U.S. tornado activity below normal in 2014

Pattern can change quickly, so remain prepared
Date Posted: December 31, 2014
2014 tornadoes
 

Fewer tornadoes than usual occurred in the United States in 2014, making this third year in a row with below-average numbers, according to NOAA’s Storm Prediction Center.

With about 800 tornadoes through November, the preliminary 2014 count (pending final numbers for December) will be about 200 tornadoes shy of the 50 year average number of 1,000 tornadoes. This is the lowest preliminary count since 682 tornadoes occurred from January through November in 1982 and the third year in a row with fewer than 900 tornadoes.

During the past 50 years the U.S. has experienced periods of three to five consecutive years with below normal tornadoes.
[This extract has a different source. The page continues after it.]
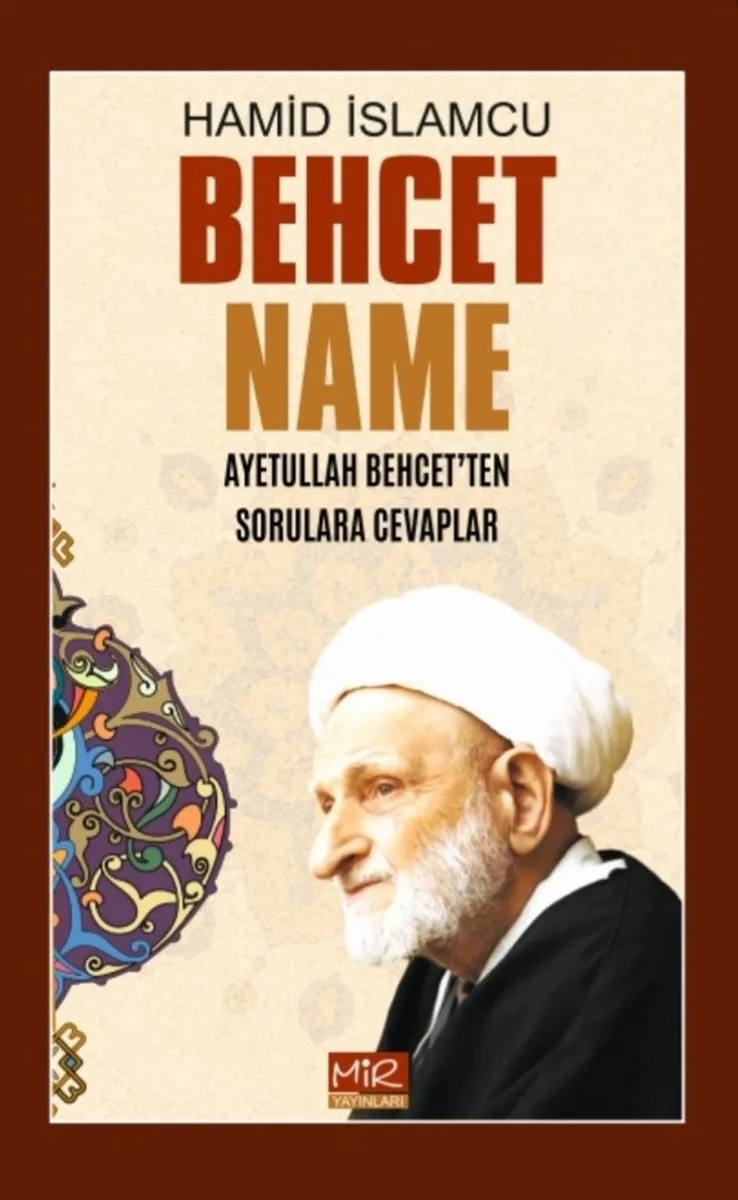 Behcet Name Ayetullah Behcet'ten Sorulara Cevaplar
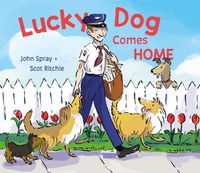 Cover image for Lucky Dog Comes Home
The most recent of these was from 1985 to 1989. However, determining patterns in the long-term record is made difficult by changes in tornado observing and reporting practices, said Greg Carbin, SPC warning coordination meteorologist.

The causes for recent tornado deficits are not entirely clear, Carbin said. Heat and drought may have curtailed tornado activity after an active period in early March in 2012. Cooler-than-normal conditions in early spring of 2013 and 2014 limited more widespread thunderstorm development, a crucial ingredient needed for tornadoes.

The deadliest and largest tornado outbreak of 2014 occurred April 27-28, when 34 people died after a total of 70 tornadoes struck the Southeast, including an EF-4 tornado that struck Vilonia, Arkansas.

Weather patterns vary significantly from year to year and season to season and it’s, therefore, uncertain if the low tornado numbers will continue into 2015.

“The conditions necessary for a tornado outbreak can come together in a matter of days,” Carbin said. “The pattern can change quickly and it is best to remain prepared, especially as spring approaches.”